= Provided material =
== Segment start ==

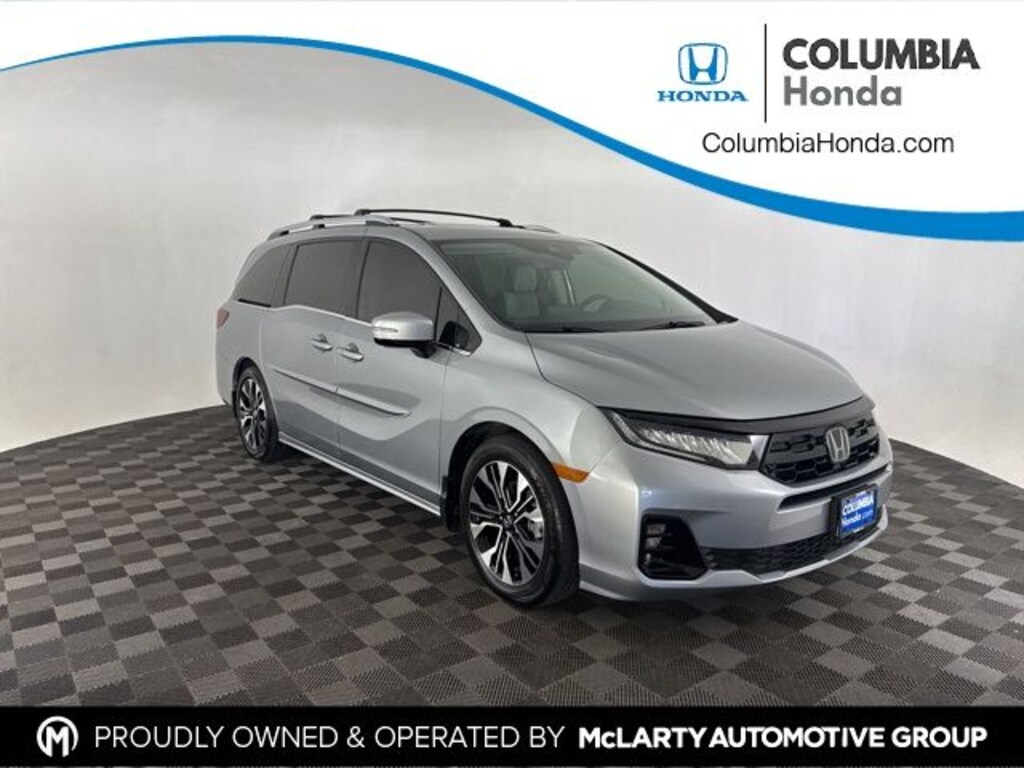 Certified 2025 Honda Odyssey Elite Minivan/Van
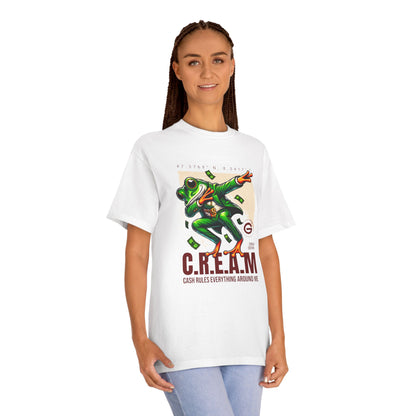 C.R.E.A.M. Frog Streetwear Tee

== Segment end ==
== Segment start ==

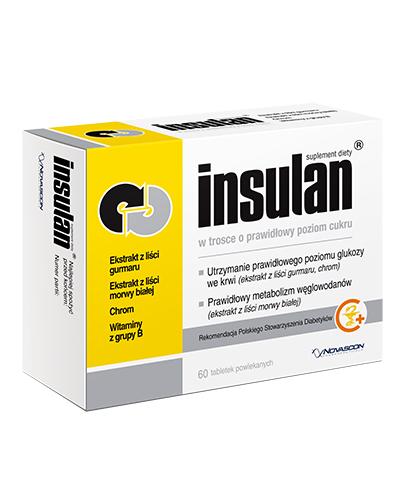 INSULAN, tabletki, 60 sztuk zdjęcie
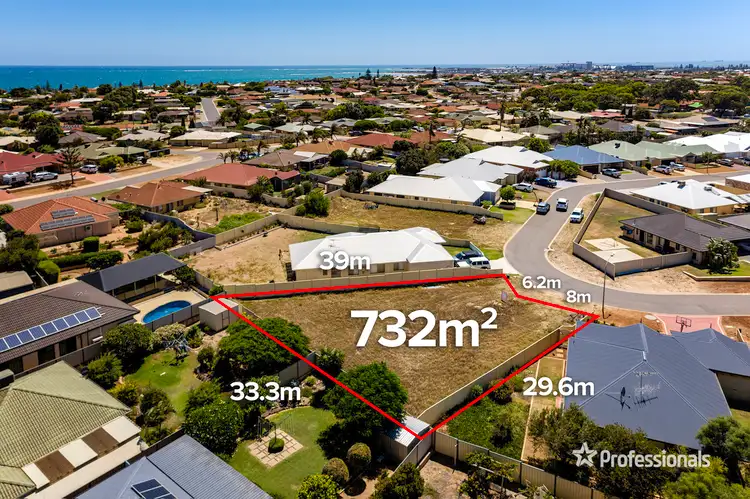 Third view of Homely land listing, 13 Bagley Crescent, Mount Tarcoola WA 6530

== Segment end ==
== Segment start ==

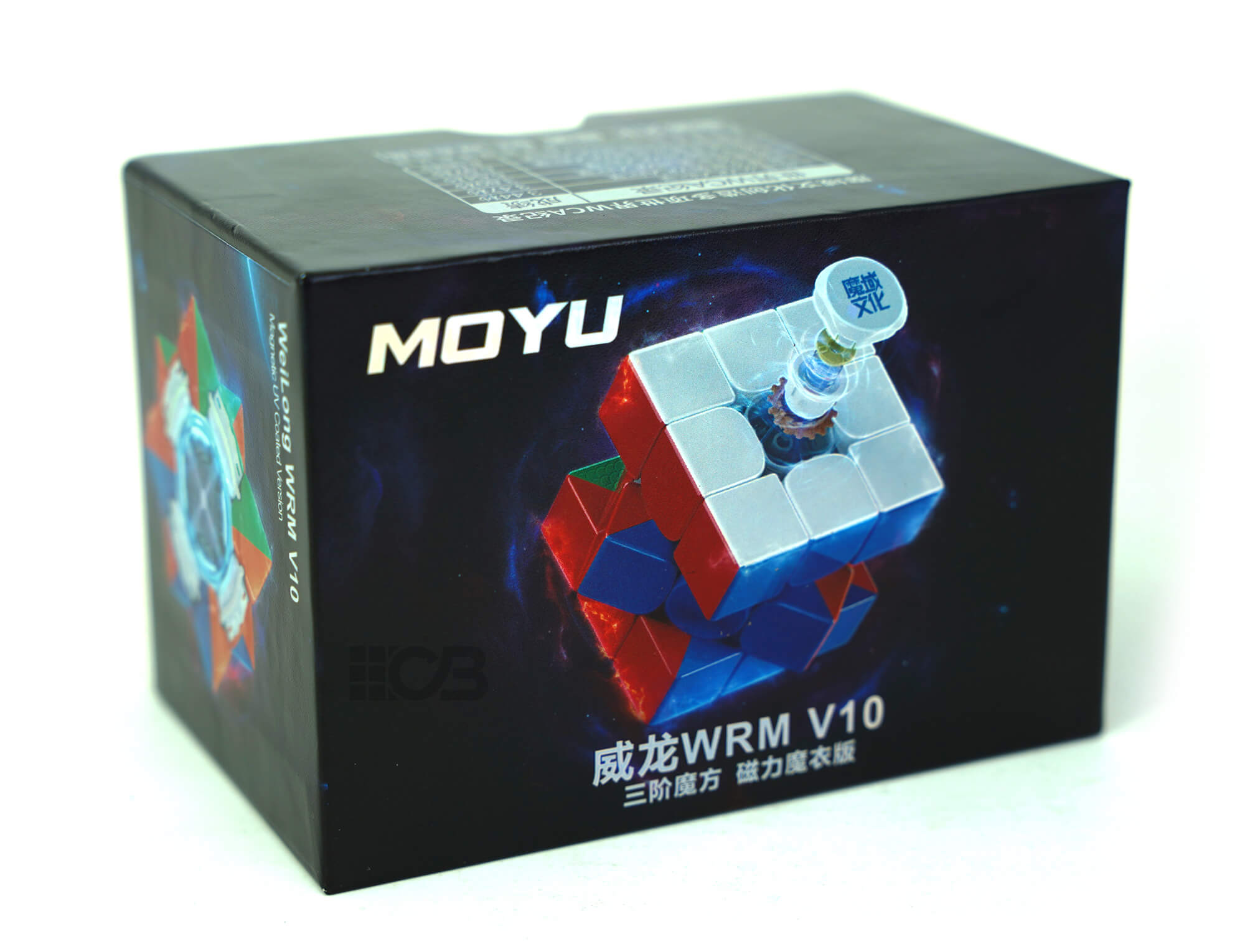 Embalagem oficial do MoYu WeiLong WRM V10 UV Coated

== Segment end ==

= Problem details =
Using the listing above, repeat word for word each line from the one with "Certified 2025 Honda" down to the one with "C.R.E.A.M. Frog Streetwear Tee", both included. Omit all pictures.

= Solution to the exercise =
 Certified 2025 Honda Odyssey Elite Minivan/Van
 C.R.E.A.M. Frog Streetwear Tee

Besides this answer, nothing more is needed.